My schedule consists of rotations (internship work at placements throughout the hospital or city) and classes. Every day except Thursdays, I go to rotations, usually for about 7-8 hours a day. Thursday morning I go to Nutritional Biochemistry along with all the other first year interns and some other nutrition grad students. Thursday evening, I go to the main campus of Tufts at Medford (north of Boston), and take an Epidemiology class, along with some other interns and about 50-60 other students of various majors at Tufts. Thursday afternoons, I either run errands (like going to the farmer's market that was located just behind my apartment- now it's closed for the winter), take a nap, go back to rotations to work on projects for them, or work on class homework.

My first rotation was for 5 weeks, with the outpatient dietitians at FSNC. I observed them counsel patients and got familiar with the office and counseling techniques, and then I began to counsel patients myself (with a dietitian supervising). I saw 10 patients total for their initial visits, and I've already done one follow-up session with one of them. I also had to do homework and projects (creating patient educational handouts, etc.) there. Then, I moved on to the Obesity Consult Center (OCC- still in the same hospital), and observed the dietitian who counsels overweight and obese patients there. It is a center where patients go for medically supervised weight loss and/or for gastric surgery for weight loss.

That rotation was only 1 week.
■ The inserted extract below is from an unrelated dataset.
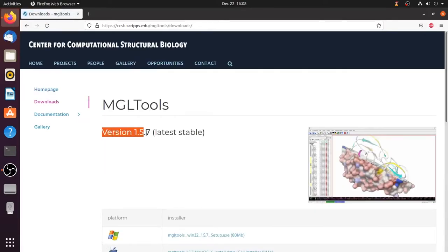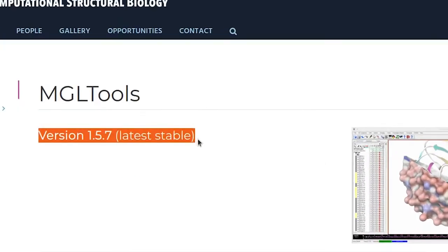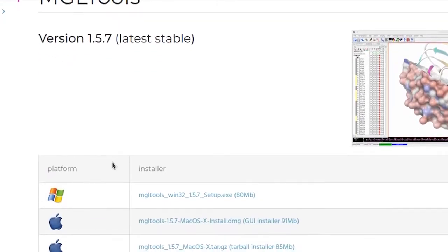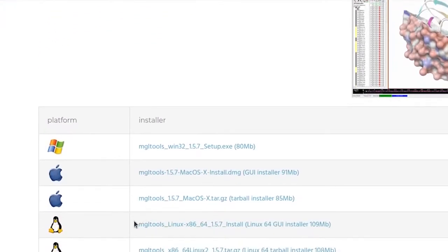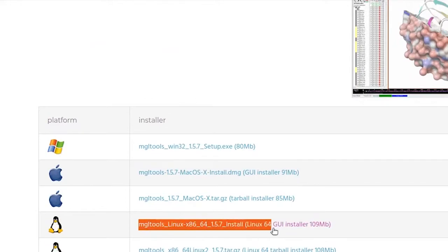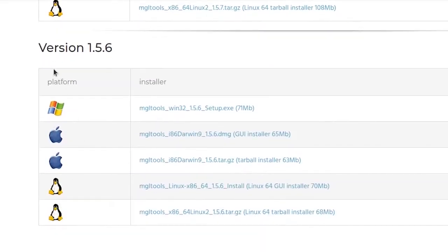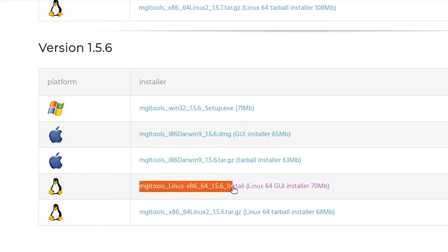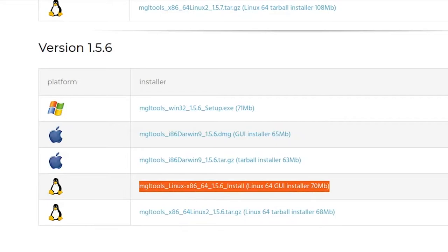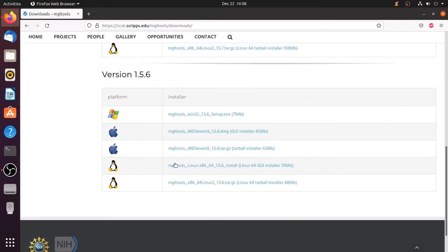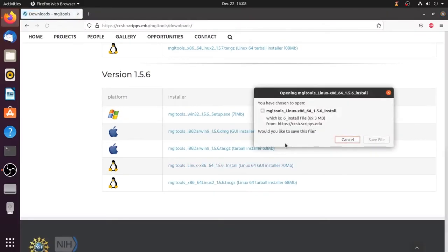In the download page MGL Tools will be present. Two versions are available, version 1.5.7 is the latest version. To download this latest version 1.5.7 click the link MGL Tools Linux x86 x64 install, which is 70 MB. I am going to install this version 1.5.6, save the file and it will start downloading.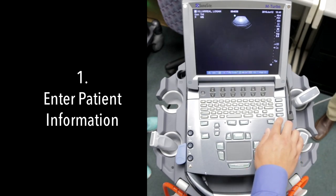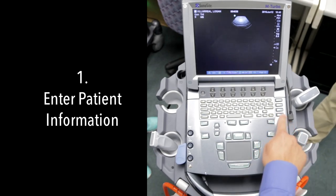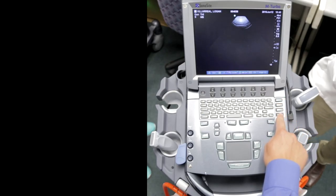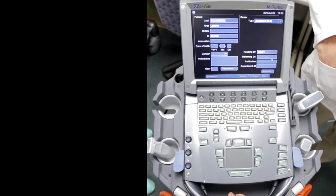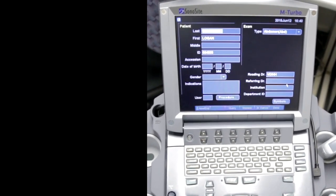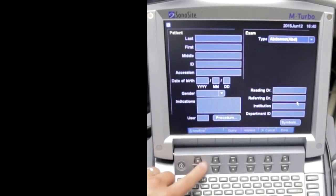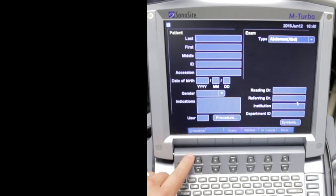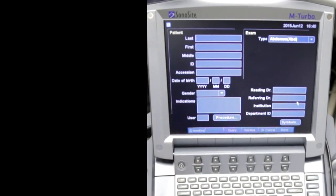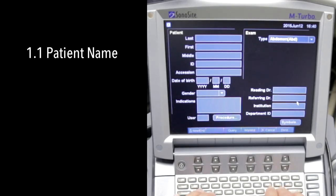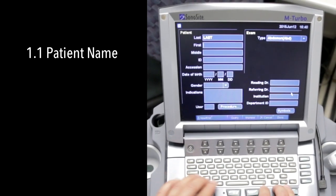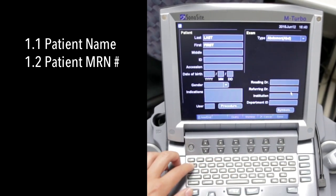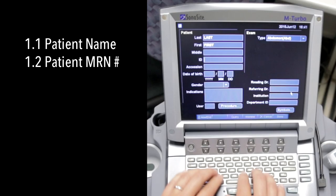The first thing you want to do is push patient, which is on the right side. When you push patient, this is to enter a new patient on the left side, and here you're going to put the patient's last name. Then you push tab for their ID number here.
I am currently beginning my third week (of 4) at the Massachusetts General Hospital Weight Center (MGH WC), a center similar to the OCC. Here, a comprehensive team of a psychologist, a doctor, and a dietitian evaluates new patients who are referred by their PCP for weight loss. Some only have nutritional counseling while others go on weight loss medication or have gastric bypass surgery. I have been observing the initial evaluations of patients (with all three practitioners), observing the dietitians, and working on projects (informational vitamin handouts, and an exercise power point presentation, etc.). This field is rapidly growing and is much more complex than most people think. For that reason, it is fascinating to learn about all the new research and current thought, but I still have a hard time supporting surgery for weight loss. It seems to me that if we have to change a person's anatomy, that is a little scary- it's like messing with nature. What are the long-term effects? I think I can see myself working more in the field of public health, toward the prevention of obesity. Then, of course, there are many stunning success stories from post-op patients.

So far in classes, I've done a presentation in biochem on the trace mineral Molybdenum, and I'm working on another longer one on Celiac Disease. I love grad school because I can focus on things I want to learn (plus, most of it directly relates to the field I'll be practicing in, so it's all relevant), and the tests and homeworks are mostly take-home. In epidemiology, the professor is really funny (he looks like Humphrey Bogart and reminds me of Jerry Seinfeld with his humor), and all the assignments, even the final, are take-home group work. :) :)


Wow, that's a long entry. Sorry if it's really cut-and-dry, but I thought I'd get out the logistical background so I can focus on fun and interesting stories that fit into that framework from now on.

I miss Austin and Texas and my family and friends, but Mom and Dad are coming up to visit this Wednesday through the weekend, so I'm really excited about that. And, of course, Todd and Christy have been really wonderful, taking me out to lunch and inviting me to dinner. Thanks, again!

We'll see how long this blog updating lasts.... O:)
Next entry I'll try to talk about my extra-curricular exploits!